══ DATA BLOCK ══

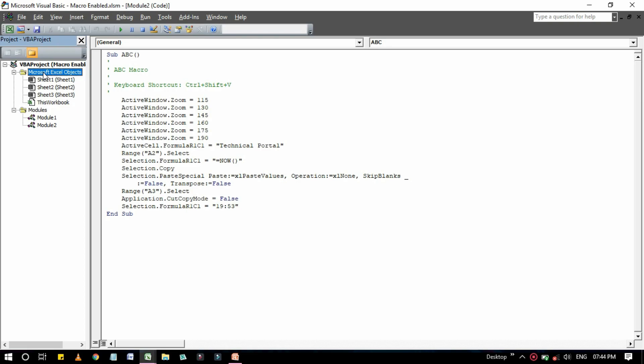If a project is password protected, you're prompted for the password when you double click a project name. I will show you that later in my next videos, how to password protect the worksheet and VBA programming. If you don't know the password, you can't expand the project, which means that you can't view or modify any part of the project.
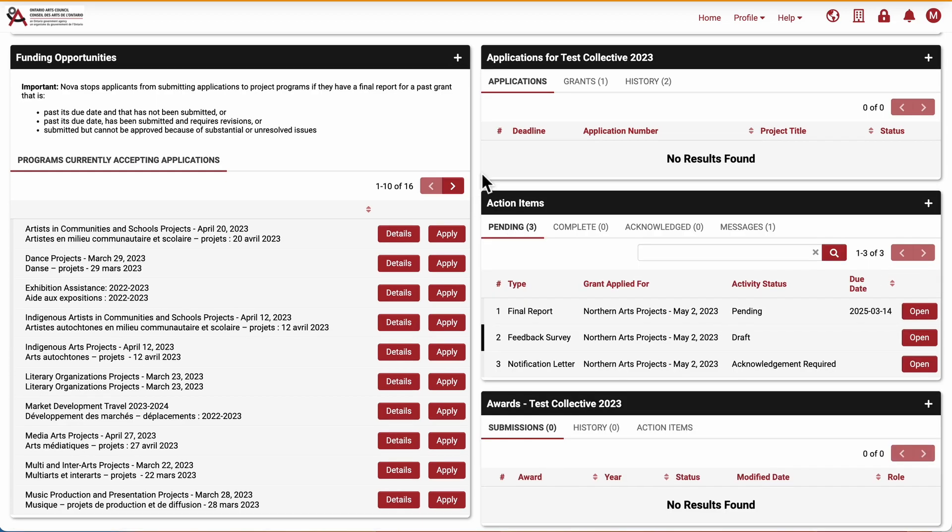And that's how you submit a project change request or a final report extension. Thanks for watching.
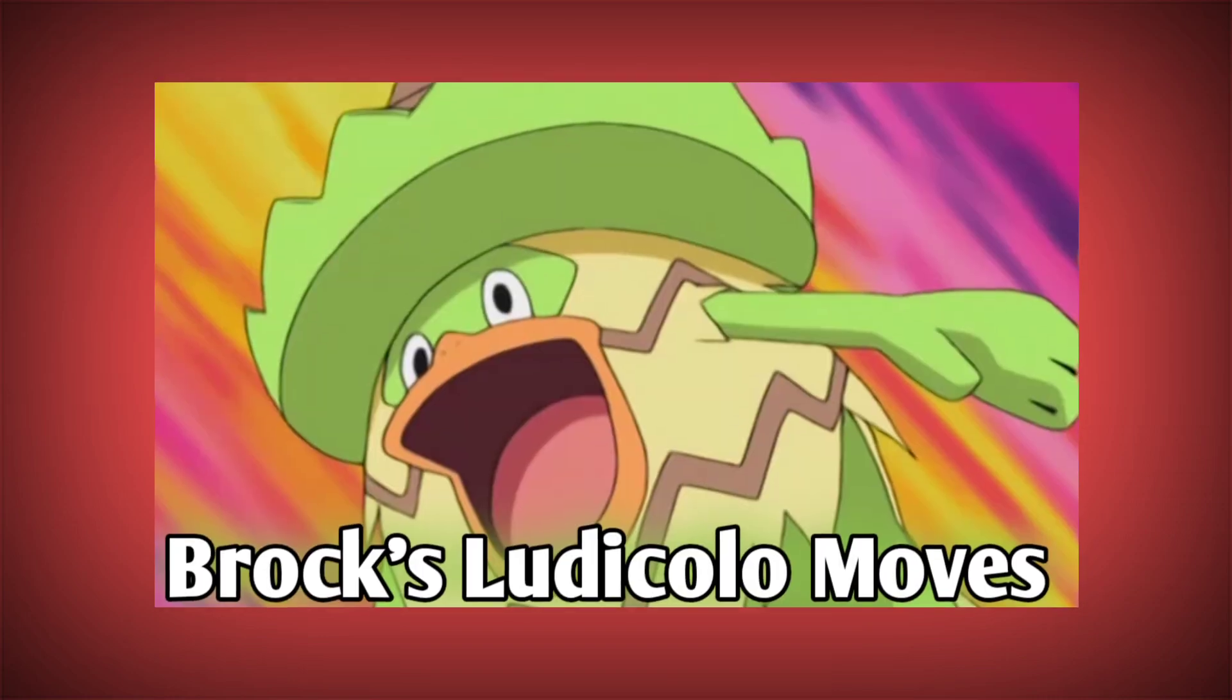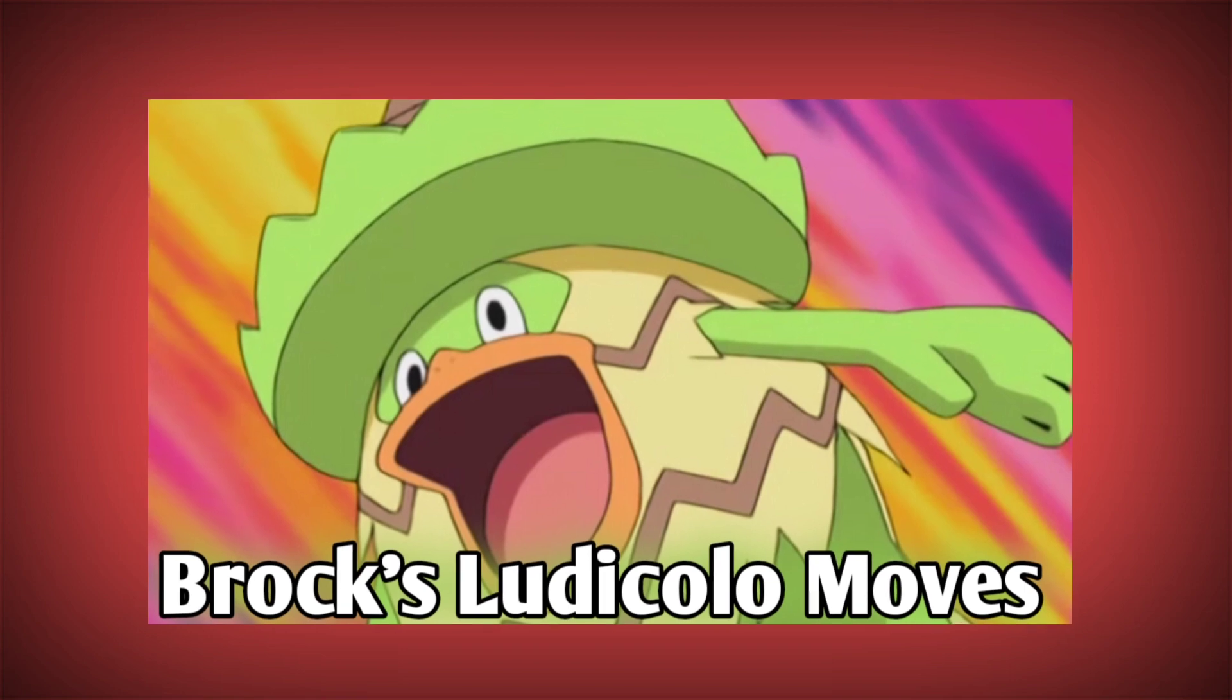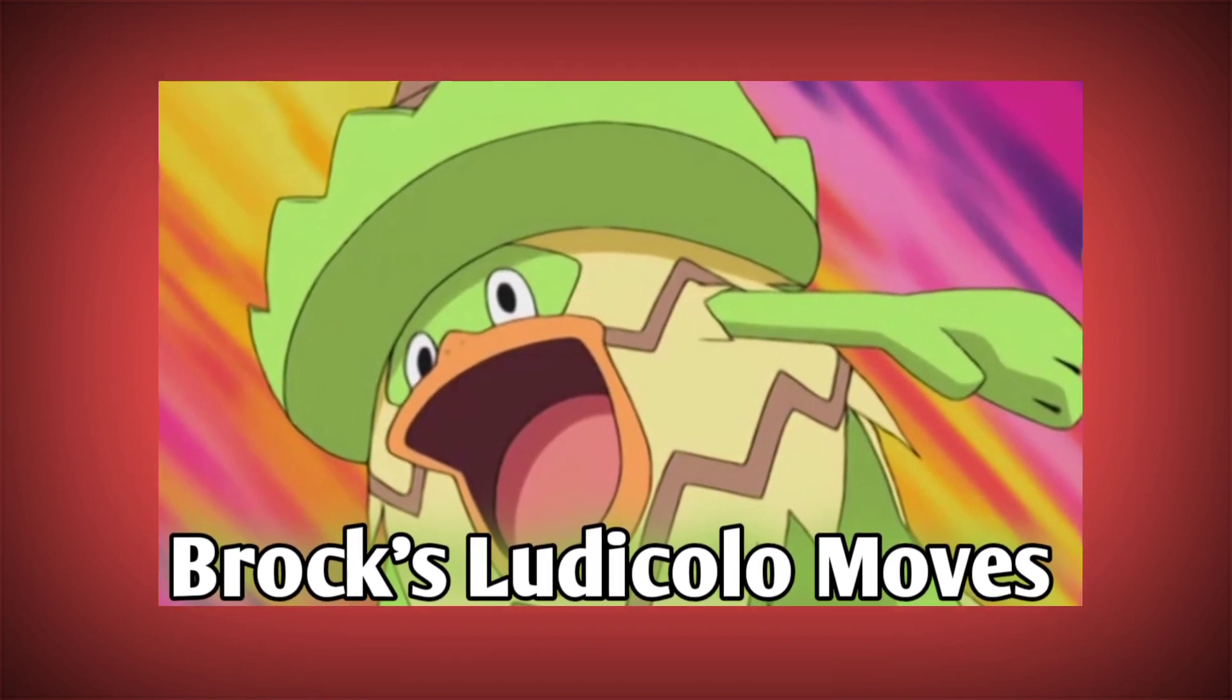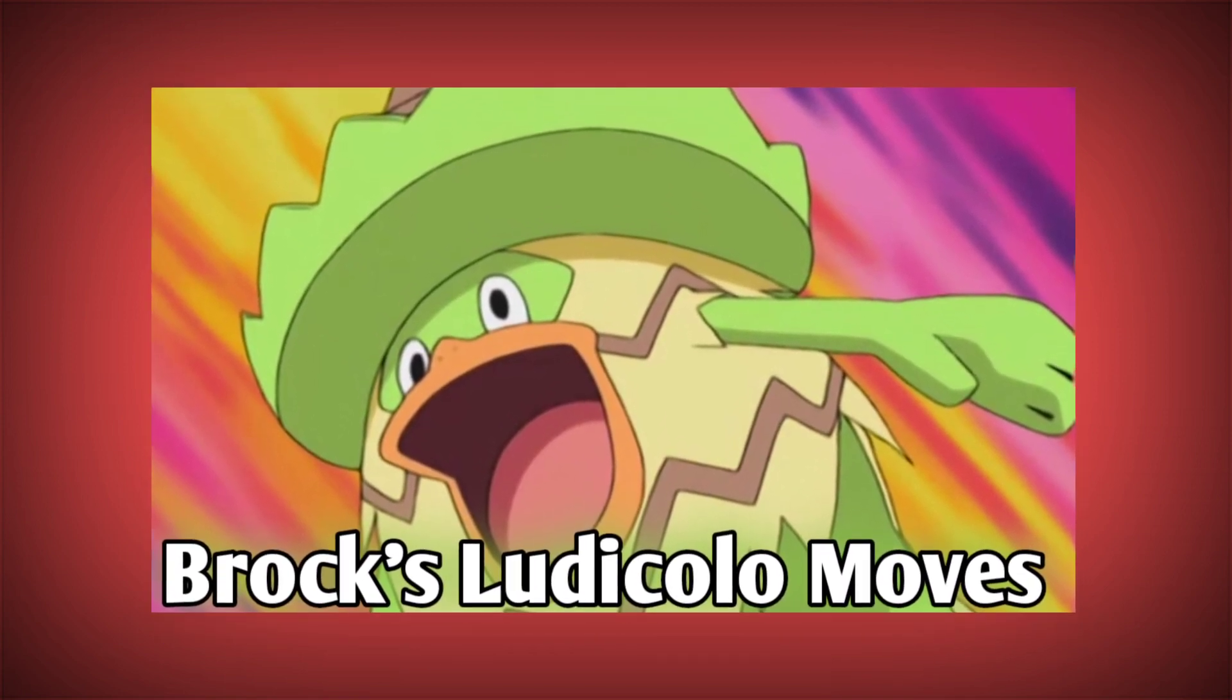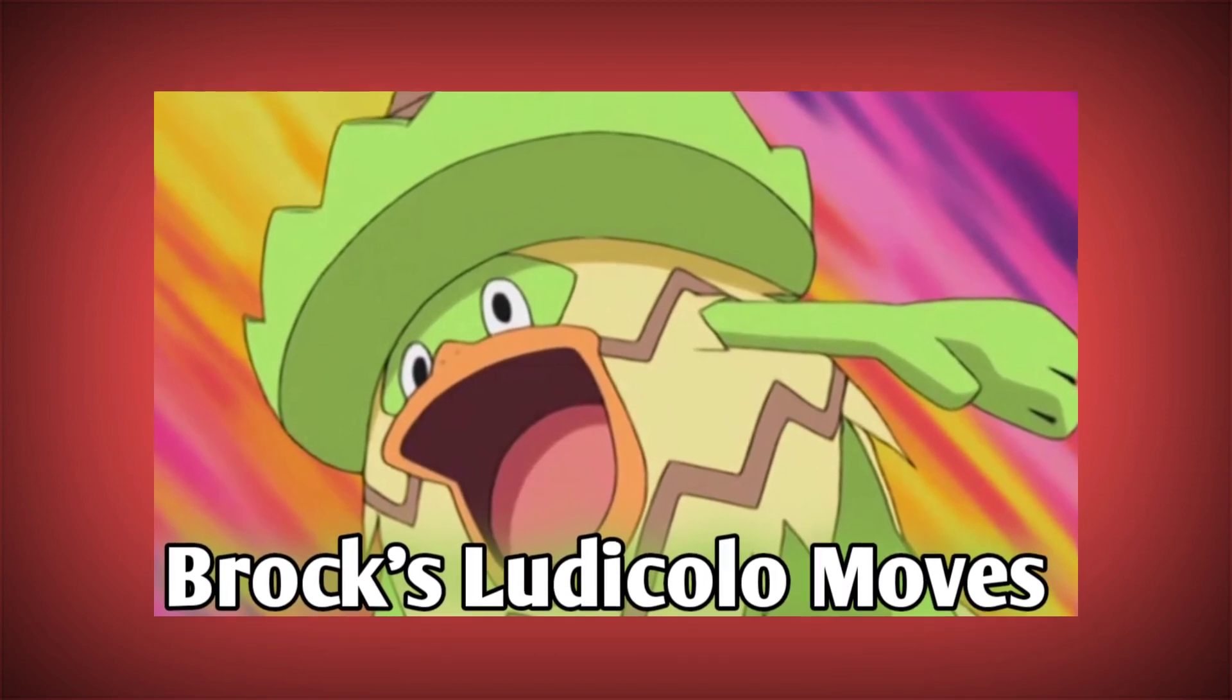All right guys, so this is actually the last video of the day and in this video I'm going to show you guys Brock's Ludicolo moves. But as it's the last video of the day, I am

═══

> _PROBLEM STATEMENT_:
Omit the pictures and reproduce the remaining material above exactly.

> _RESPONSE AREA_:
If a project is password protected, you're prompted for the password when you double click a project name. I will show you that later in my next videos, how to password protect the worksheet and VBA programming. If you don't know the password, you can't expand the project, which means that you can't view or modify any part of the project.
And that's how you submit a project change request or a final report extension. Thanks for watching.
All right guys, so this is actually the last video of the day and in this video I'm going to show you guys Brock's Ludicolo moves. But as it's the last video of the day, I am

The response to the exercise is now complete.